What is being asked: Beginning with the line of the entries below that holds "BOAR TUSK ASSORTMENT" and ending with the line that holds "Lila Vintage Herz-Anatomie", transcribe each line exactly as written. Pictures stay out.

Dataset:
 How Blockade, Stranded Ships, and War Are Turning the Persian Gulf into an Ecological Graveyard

---

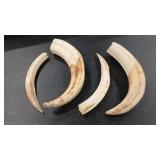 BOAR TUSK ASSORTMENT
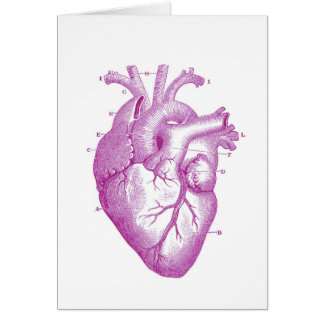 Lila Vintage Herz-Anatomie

...

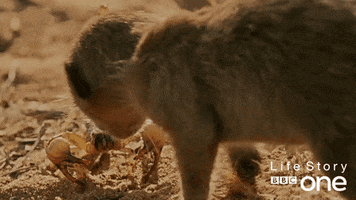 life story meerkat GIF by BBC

Answer to this exercise:
 BOAR TUSK ASSORTMENT
 Lila Vintage Herz-Anatomie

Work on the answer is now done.